**Your objective:** Every line from the one containing "Modern Two Tone L Shaped Kitchen" to the one containing "Antica Cartografia: Trieste, Capo" in the records below, both included, must be set down exactly, and no other line.

**Exercise materials:**
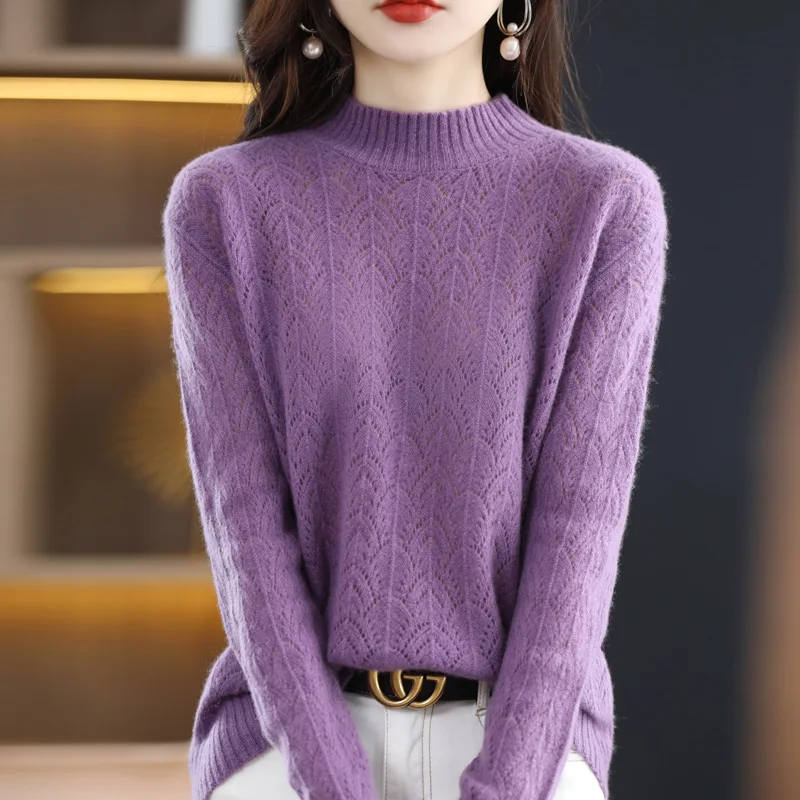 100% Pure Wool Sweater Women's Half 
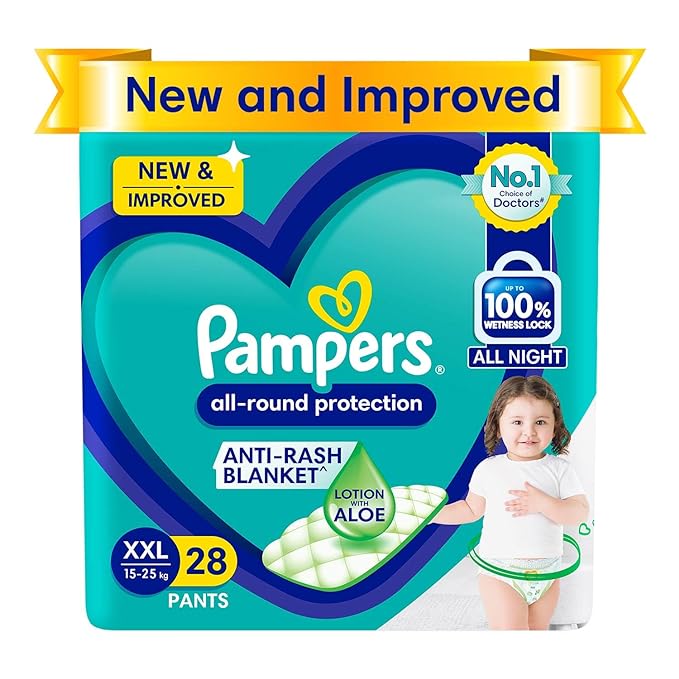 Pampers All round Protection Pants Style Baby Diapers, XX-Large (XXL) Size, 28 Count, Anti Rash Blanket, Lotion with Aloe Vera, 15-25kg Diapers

* * *

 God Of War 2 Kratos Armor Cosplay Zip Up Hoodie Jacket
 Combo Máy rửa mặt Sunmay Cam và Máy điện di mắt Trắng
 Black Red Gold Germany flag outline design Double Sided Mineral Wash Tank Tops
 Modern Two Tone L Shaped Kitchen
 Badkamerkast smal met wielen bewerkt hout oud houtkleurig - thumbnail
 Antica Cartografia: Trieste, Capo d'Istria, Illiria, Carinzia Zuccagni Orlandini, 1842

**Exercise solution:**
 Modern Two Tone L Shaped Kitchen
 Badkamerkast smal met wielen bewerkt hout oud houtkleurig - thumbnail
 Antica Cartografia: Trieste, Capo d'Istria, Illiria, Carinzia Zuccagni Orlandini, 1842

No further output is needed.